Just two weeks ago, the International Monetary Fund (IMF), led by crypto friendly Christine Lagarde, published a global debt report. A staggering number was highlighted in the report — $182 trillion worth of debt exists worldwide. On Dec 13, 2018, the IMF updated the report and the number grew by another $2 trillion for a grand total of $184 trillion. To put things into perspective, that’s $86,000 debt owed on average by every single individual on our planet. More interesting is the fact that each of us earns on average two and a half times less than what we owe — over $30,000. Keep in mind these numbers are not up to date, as the IMF statistics do not take into consideration the 2018 data. Therefore, it is safe to assume the global debt in Dec 2018 is even higher.
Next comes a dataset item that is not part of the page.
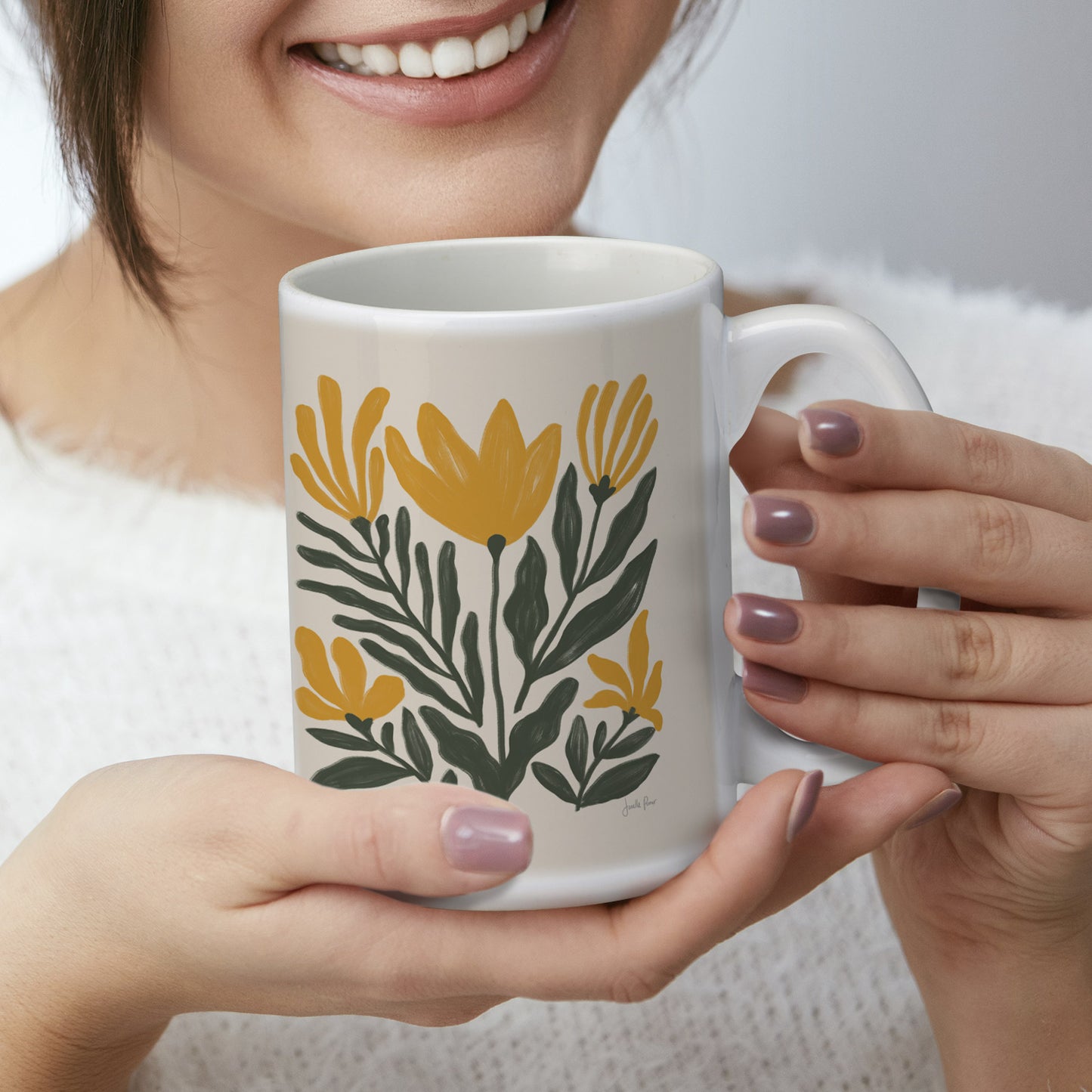 Highland Home Yellow Petals 15 oz. Ceramic Mug Manufactured in the USA Dishwasher Safe Microwave Safe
Behind The Numbers: A Huge Money Printing Machine

How in the world did we reach this stage? What has actually happened? The simplest answer is that the governments or, more specifically, the central banks, kept printing more and more money — and they still do to this day. To answer more methodically, we would have to go back way in the 20th century, after World War II. More specifically after 1971, when the Bretton Woods gold standard — pegging dollar to gold — was abolished and the current fiat system was born. Yet, to explain most debt accumulation, we do not have to travel that much further in time. The debt problem spiraled out of control after the 2000s when Keynesians — those who followed the school of economic thought defining the economy as a never-ending sequence of boom-and-bust cycles — took hold of the world’s major central banks. To pull the economy out of recession, the central banks applied the Quantitative Easing or QE monetary policy. Put simply, they printed more and more money year after year to buy financial assets that nobody wanted anymore, just like the toxic US subprime securities. This is how most of the banks survived — the governments bailed them out. QE encourages lending and it all starts at the top level with central banks, escalating ‘down’ to private banks, companies, and consumers. In just five years, between 2009 and 2014, the US Fed alone accumulated $4.5 trillion in financial assets. The current official US debt is over $21 trillion with reports signaling another $21 trillion ‘missing.’

The Future Is Bleak

Obviously, the central banks cannot inflate this huge bubble forever. To keep inflation under control, they plan to revert their policy to Quantitative Tightening or QT and shrink the money supply, as more money in circulation unavoidably leads to inflation. In fact, monetary policymakers have been trying to stop QE for quite some time, but at a very slow pace as not to trigger another recession. A new recession would force them to apply QE again and that could wake the ‘stagflation’ beast — high inflation coupled with very little economic growth. With stagflation comes currency devaluation and ultimately the government’s worst nightmare: a currency crisis. Either way, given today’s economy and massive debt problem, the governments have little-to-no choice in stopping the next recession. They can continue to pump the economy with more paper money, but this will only make things worse by devaluating the fiat system in the medium-term. Alternatively, they can stop — but, like a crack addict, the economy will soon enter the withdrawal phase. Another ‘hit’ of QE could be fatal for all fiat systems. Just imagine: whole countries defaulting one by one — rendering fiat currencies obsolete. USD

Decentralizing The Monetary System

The solution just may be at hand. Unfortunately, the economy must go through withdrawal first. Afterward, the governments must implement a completely new monetary system — one envisioned by Satoshi Nakamoto ten years ago when he first created Bitcoin and hard-coded a clear message in the genesis block: Jan/2009 Chancellor on brink of the second bailout for banks. Nakamoto thought of a system with no central bank at its core, and no printing machine waiting to be manipulated by the few to control the many. A decentralized system managed by the many with no single point of failure. A deflationary system issuing a fixed amount of sound money with no possibility of abolition. An exciting prototype that can and probably will change the way we think about wealth. Do you agree? [bctt tweet=”The current centralized fiat system created a $184 trillion debt problem. Can crypto solve it?” username=”beincrypto”] Will crypto and the blockchain replace today’s monetary system? In what way and how will this change occur? Let us know your thoughts in the comment section below.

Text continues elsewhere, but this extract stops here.